Augmenting heteronanostructure visualization with haptic feedback

We address the need of researchers in nanotechnology who desire an increased level of perceptualization of their simulation data by adding haptic feedback to existing multidimensional volumetric visualizations. Our approach uses volumetric data from simulation of an LED heteronanostructure, and it translates projected values of amplitude of an electromagnetic field into a force that is delivered interactively to the user. The user can vary the types of forces, and they are then applied to a haptic feedback device with three degrees of freedom. We describe our methods to simulate the heteronanostructure, volume rendering, and generating adequate forces for feedback. A thirty one subject study was performed. Users were asked to identify key areas of the heteronanostructure with only visualization, and then with visualization and the haptic device. Our results favor the usage of haptic devices as a complement to 3-D visualizations of the volumetric data. Test subjects responded that haptic feedback helped them to understand the data. Also, the shape of the structure was better recognized with the use of visuohaptic feedback than with visualization only.

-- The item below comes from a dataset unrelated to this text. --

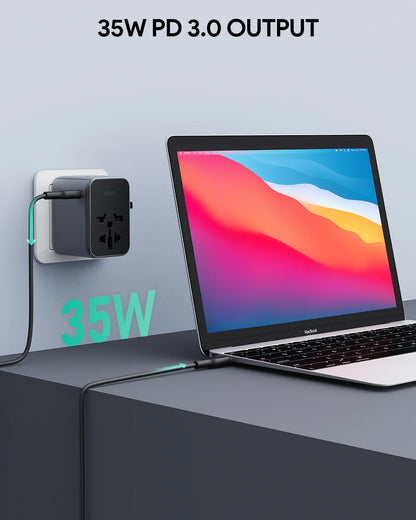 AUKEY TRAVEL MATE 35W ADAPTER WITH USB PORT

An intuitive polygon morphing

We present a new algorithm for morphing simple polygons that is inspired by growing forms in nature. While previous algorithms require user-assisted definition of complicated correspondences between the morphing objects, our algorithm defines the correspondence by overlapping the input polygons. Once the morphing of one object into another is defined, very little or no user interaction is necessary to achieve intuitive results. Our algorithm is suitable namely for growth-like morphing. We present the basic algorithm and its three variations. One of them is suitable mainly for convex polygons, the other two are for more complex polygons, such as curved or spiral polygonal forms.